[Start of section]
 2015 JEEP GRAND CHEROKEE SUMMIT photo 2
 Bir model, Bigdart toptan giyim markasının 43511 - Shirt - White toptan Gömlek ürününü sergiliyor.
[End of section]
[Start of section]
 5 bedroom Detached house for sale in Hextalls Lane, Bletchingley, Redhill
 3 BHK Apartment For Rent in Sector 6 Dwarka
[End of section]
[Start of section]
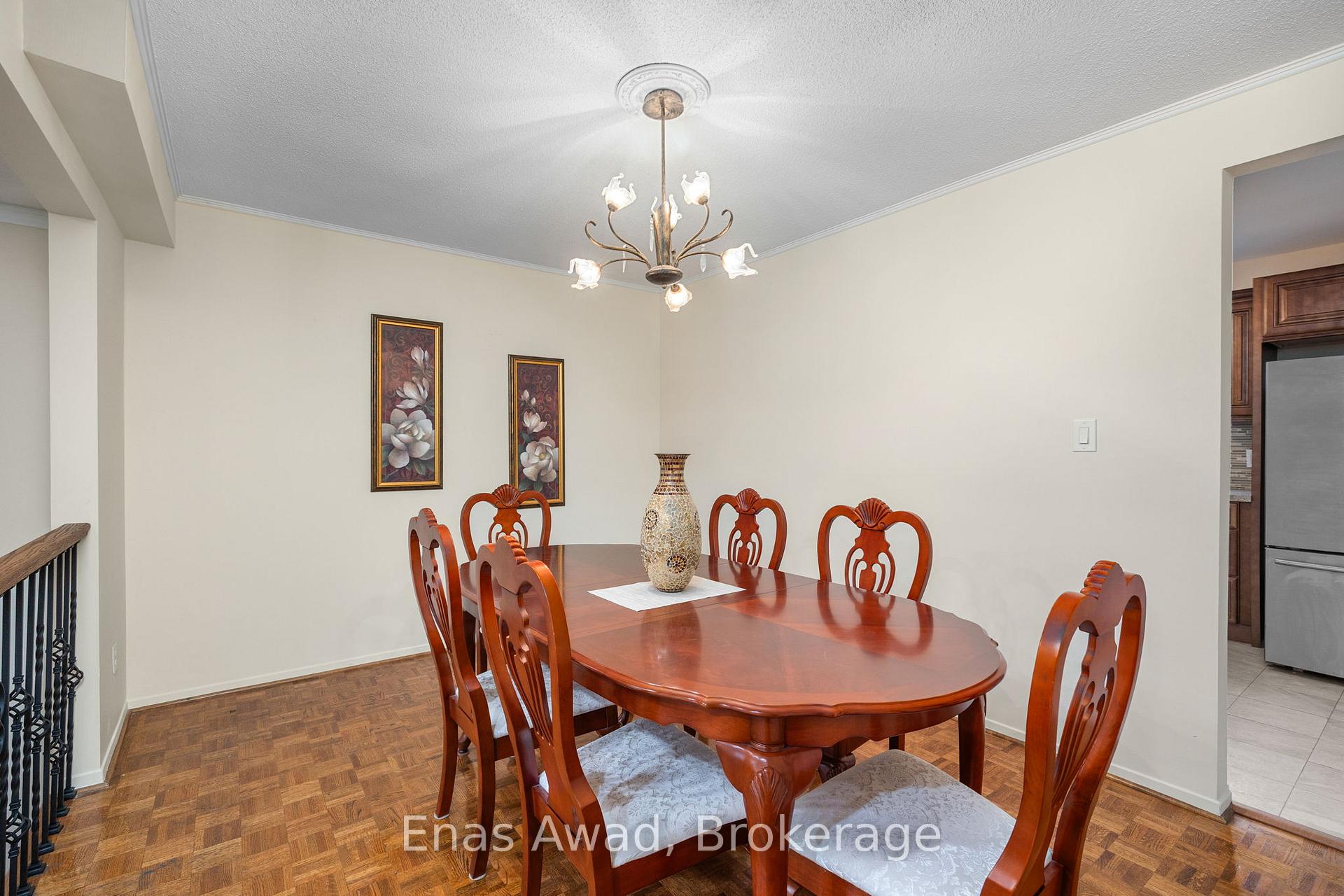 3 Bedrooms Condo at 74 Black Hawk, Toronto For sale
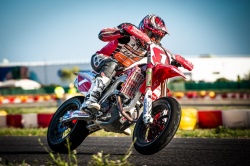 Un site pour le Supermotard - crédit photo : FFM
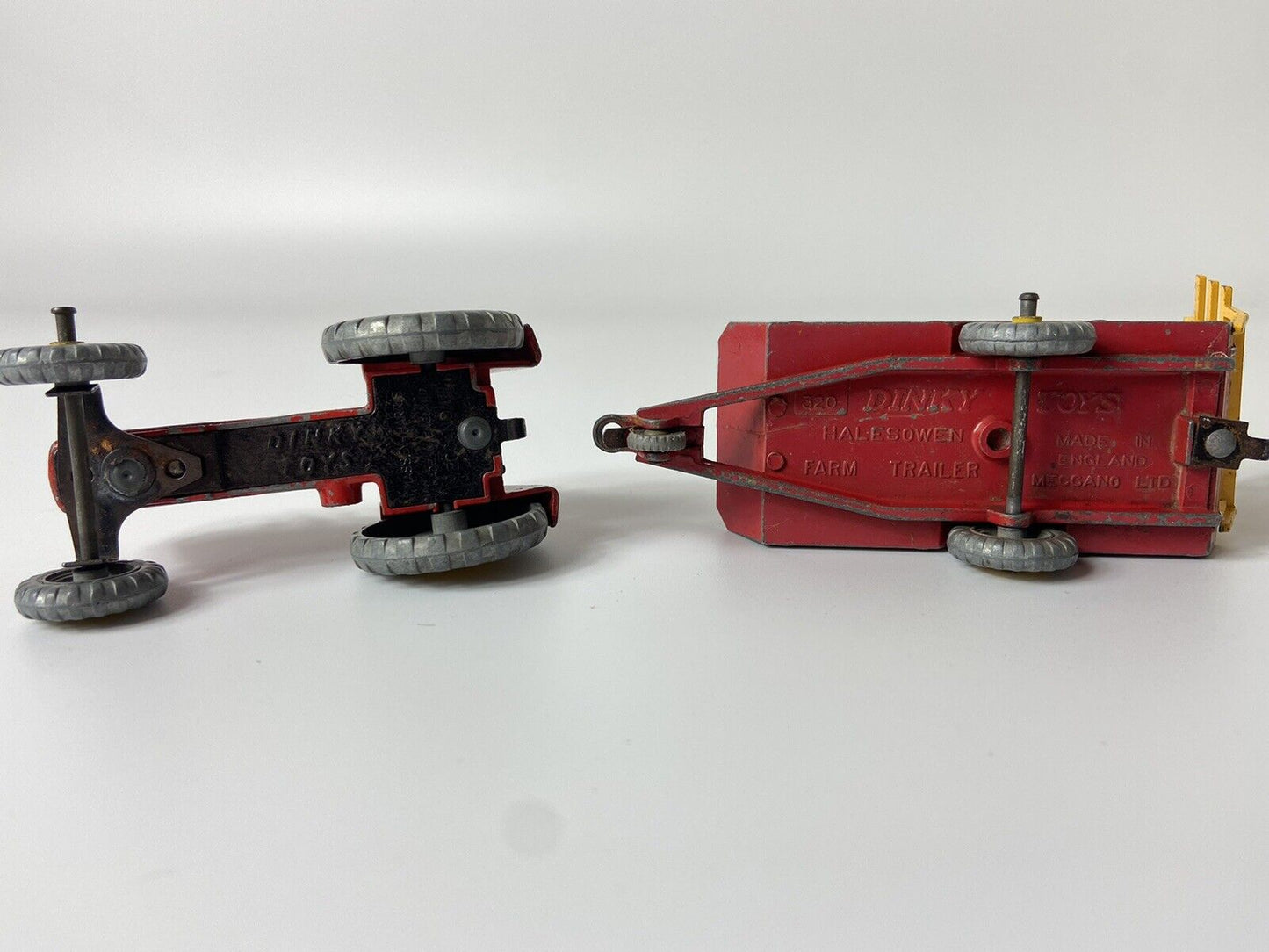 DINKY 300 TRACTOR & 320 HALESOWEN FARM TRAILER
[End of section]
### What the task requires
Look above for the line holding "5 bedroom Detached" and the line holding "3 BHK Apartment For Rent in Sector 6 Dwarka", then output exactly those two lines and every line between them, nothing more.

### Written solution
 5 bedroom Detached house for sale in Hextalls Lane, Bletchingley, Redhill
 3 BHK Apartment For Rent in Sector 6 Dwarka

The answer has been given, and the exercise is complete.